───── WORKING DATA ─────

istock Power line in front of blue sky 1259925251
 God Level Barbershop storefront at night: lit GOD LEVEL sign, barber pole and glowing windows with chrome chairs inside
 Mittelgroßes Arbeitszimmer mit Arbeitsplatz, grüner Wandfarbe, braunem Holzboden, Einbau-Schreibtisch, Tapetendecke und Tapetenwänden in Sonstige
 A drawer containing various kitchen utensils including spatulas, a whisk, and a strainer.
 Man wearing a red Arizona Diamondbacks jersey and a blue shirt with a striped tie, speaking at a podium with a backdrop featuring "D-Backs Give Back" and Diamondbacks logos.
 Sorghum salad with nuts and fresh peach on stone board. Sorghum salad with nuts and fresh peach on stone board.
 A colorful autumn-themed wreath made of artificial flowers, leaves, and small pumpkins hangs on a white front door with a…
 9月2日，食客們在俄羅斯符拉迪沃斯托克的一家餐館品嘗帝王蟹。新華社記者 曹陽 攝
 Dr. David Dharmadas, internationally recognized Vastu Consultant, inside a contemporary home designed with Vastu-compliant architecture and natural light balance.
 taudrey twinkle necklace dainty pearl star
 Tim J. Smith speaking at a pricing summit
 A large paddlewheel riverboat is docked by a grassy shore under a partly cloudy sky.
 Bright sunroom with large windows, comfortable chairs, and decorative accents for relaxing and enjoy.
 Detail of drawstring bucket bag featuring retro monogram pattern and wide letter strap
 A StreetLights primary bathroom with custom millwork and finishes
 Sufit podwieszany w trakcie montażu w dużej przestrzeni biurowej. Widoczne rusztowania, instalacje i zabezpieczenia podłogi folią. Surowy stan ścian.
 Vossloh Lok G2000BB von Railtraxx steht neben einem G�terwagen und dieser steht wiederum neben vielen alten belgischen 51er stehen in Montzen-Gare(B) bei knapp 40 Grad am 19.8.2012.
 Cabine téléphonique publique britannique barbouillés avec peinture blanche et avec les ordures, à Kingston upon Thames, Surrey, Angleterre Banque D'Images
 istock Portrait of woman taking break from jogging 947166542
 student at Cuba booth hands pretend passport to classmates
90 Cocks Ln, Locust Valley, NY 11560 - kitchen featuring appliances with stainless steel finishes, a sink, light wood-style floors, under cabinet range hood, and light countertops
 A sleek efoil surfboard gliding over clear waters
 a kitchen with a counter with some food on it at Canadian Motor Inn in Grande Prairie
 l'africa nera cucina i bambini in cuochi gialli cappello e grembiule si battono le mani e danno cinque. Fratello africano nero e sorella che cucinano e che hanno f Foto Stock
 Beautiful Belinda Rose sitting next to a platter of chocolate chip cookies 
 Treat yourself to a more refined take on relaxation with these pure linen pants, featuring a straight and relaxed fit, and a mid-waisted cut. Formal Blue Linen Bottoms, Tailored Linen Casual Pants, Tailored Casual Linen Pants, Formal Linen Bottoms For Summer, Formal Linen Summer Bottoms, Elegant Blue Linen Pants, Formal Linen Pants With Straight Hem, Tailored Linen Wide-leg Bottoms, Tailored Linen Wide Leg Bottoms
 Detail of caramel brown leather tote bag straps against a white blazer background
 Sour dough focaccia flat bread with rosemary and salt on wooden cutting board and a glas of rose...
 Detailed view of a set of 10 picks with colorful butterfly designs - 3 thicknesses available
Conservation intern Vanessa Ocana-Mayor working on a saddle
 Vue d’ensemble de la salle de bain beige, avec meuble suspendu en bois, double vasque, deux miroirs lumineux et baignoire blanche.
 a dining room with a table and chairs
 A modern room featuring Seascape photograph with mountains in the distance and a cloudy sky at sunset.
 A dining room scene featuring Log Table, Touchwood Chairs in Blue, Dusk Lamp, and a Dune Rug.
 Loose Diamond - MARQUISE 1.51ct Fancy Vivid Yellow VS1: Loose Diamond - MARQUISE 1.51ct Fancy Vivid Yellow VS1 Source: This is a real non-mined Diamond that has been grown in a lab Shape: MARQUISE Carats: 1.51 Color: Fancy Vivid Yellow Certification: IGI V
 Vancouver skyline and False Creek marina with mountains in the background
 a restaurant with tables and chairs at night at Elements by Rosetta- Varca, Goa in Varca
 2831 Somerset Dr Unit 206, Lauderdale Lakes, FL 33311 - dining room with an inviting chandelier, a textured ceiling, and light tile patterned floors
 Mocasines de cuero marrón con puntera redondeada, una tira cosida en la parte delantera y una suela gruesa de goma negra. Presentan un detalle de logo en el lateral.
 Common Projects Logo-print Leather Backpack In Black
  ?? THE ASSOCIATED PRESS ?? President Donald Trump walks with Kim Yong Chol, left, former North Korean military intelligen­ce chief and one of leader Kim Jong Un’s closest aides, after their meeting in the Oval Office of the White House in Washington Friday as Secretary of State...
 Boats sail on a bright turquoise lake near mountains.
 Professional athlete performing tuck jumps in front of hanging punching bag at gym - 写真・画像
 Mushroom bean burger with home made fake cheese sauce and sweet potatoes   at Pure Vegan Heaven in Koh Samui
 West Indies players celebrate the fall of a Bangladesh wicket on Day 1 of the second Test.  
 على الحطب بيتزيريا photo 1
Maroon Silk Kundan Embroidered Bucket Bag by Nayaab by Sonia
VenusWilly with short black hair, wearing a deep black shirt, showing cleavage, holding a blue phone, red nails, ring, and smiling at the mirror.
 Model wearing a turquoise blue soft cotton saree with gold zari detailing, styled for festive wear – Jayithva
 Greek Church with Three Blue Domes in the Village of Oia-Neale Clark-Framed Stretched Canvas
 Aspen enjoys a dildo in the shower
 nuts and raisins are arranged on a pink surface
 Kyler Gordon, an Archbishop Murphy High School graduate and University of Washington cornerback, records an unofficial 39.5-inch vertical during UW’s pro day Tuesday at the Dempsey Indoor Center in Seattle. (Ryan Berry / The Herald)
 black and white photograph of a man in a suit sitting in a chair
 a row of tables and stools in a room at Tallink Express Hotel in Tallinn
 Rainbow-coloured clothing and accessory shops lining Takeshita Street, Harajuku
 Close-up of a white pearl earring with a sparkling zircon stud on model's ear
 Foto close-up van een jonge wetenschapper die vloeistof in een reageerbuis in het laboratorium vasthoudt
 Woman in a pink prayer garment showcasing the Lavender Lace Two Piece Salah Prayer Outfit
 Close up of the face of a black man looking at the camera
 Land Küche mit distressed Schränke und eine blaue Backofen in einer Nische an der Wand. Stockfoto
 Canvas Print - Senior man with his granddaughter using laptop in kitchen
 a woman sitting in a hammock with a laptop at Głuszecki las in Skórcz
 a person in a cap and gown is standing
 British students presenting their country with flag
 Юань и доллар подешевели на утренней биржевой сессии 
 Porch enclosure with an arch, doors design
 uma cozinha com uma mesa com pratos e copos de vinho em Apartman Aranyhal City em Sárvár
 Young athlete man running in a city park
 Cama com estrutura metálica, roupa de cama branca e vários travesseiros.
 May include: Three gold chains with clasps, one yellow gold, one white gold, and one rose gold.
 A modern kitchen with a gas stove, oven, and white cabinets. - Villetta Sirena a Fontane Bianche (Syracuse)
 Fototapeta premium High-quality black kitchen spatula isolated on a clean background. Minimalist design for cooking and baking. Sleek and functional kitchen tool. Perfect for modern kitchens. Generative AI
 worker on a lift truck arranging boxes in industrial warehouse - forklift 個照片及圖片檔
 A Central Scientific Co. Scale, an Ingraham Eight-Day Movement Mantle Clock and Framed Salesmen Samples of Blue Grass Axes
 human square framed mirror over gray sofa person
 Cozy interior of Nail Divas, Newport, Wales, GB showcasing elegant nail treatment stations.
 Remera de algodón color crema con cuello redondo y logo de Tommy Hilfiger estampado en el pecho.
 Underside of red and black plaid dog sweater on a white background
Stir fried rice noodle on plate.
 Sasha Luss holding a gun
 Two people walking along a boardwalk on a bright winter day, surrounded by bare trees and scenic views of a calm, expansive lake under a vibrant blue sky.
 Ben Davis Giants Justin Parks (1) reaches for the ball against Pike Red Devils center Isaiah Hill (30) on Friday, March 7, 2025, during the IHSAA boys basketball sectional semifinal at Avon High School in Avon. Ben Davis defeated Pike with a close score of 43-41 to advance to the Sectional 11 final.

─────

REQUIREMENT - Output exactly the lines of the material above from the one containing "Porch enclosure with an arch, doors design" up to and including the one containing "A modern kitchen".

RESPONSE TO THIS EXERCISE -
 Porch enclosure with an arch, doors design
 uma cozinha com uma mesa com pratos e copos de vinho em Apartman Aranyhal City em Sárvár
 Young athlete man running in a city park
 Cama com estrutura metálica, roupa de cama branca e vários travesseiros.
 May include: Three gold chains with clasps, one yellow gold, one white gold, and one rose gold.
 A modern kitchen with a gas stove, oven, and white cabinets. - Villetta Sirena a Fontane Bianche (Syracuse)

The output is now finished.